Maori Industry and Training Summit
Maori Industry and Training Summit sets ambitious targets for workforce development
More than 160 representatives from Industry, Maoridom and Education met in Mangere last week to address the most significant challenge to New Zealand’s economic prosperity. The Maori, Industry and Training Summit debated a Maori workforce scorecard that set key objectives for 2007 and 2010. The summit achieved a commitment from industry, education providers and Maoridom to work together to address Maori under-participation in employment and key areas of training.
The government has made significant progress in addressing workplace-training needs, particularly in Industry Training and the Modern Apprenticeships program. The school experience and transition from school to employment and further training, literacy and numeracy and under-representation in decision-making are crucial areas identified at the summit. Our challenge is to ensure all New Zealanders including Maori have the opportunity to contribute by engaging in lifelong learning and developing the skills and innovation necessary for the workplace of the future.

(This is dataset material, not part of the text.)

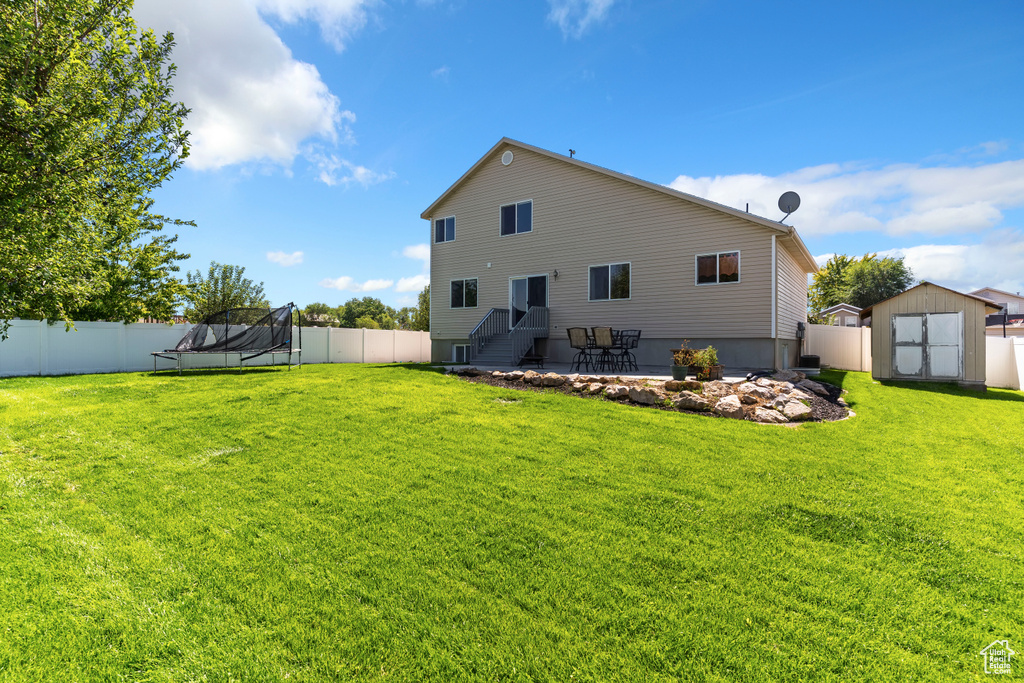 4164 W 5950 S Roy, UT 84067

The Summit highlighted the following as key issues needing urgent attention:
More than a third of Maori school leavers in 2002 left school with no qualification More than 123,000 Maori in the workforce today have no recognised qualification More than 60% of Maori in employment do not meet the minimum world literacy standard Maori are under-represented in key industry area’s Less than 2% of the nations senior managers are Maori
Many of us understand that Maori currently make up 15% of New Zealand population. Fewer people understand that 25% of New Zealanders under 14 years of age are Maori, and that almost a quarter of the work age population of New Zealand in 2021 will be Maori. If we maintained the same levels of Maori workforce skill and qualification for the next 20 years, the impact on New Zealand’s prosperity will be significant
The Mangere campus of Te Wananga o Aotearoa hosted the Summit. Chief Executive Officer Dr Rongo Wetere said that a huge effort is required to turn the negative statistics around and that he was pleased Summit participants were committed to make that happen. Keynote presenters included Shane Jones, Chairperson of Te Ohu Kaimoana, Dr James Buwalda from the Department of Labour, Jeremy Baker from Business New Zealand and Paul Trass from Carter Holt Harvey.
A copy of the summit scorecard is being circulated to the wider New Zealand business and education community and can be viewed at www.twoa.ac.nz or www.kawaultd.com.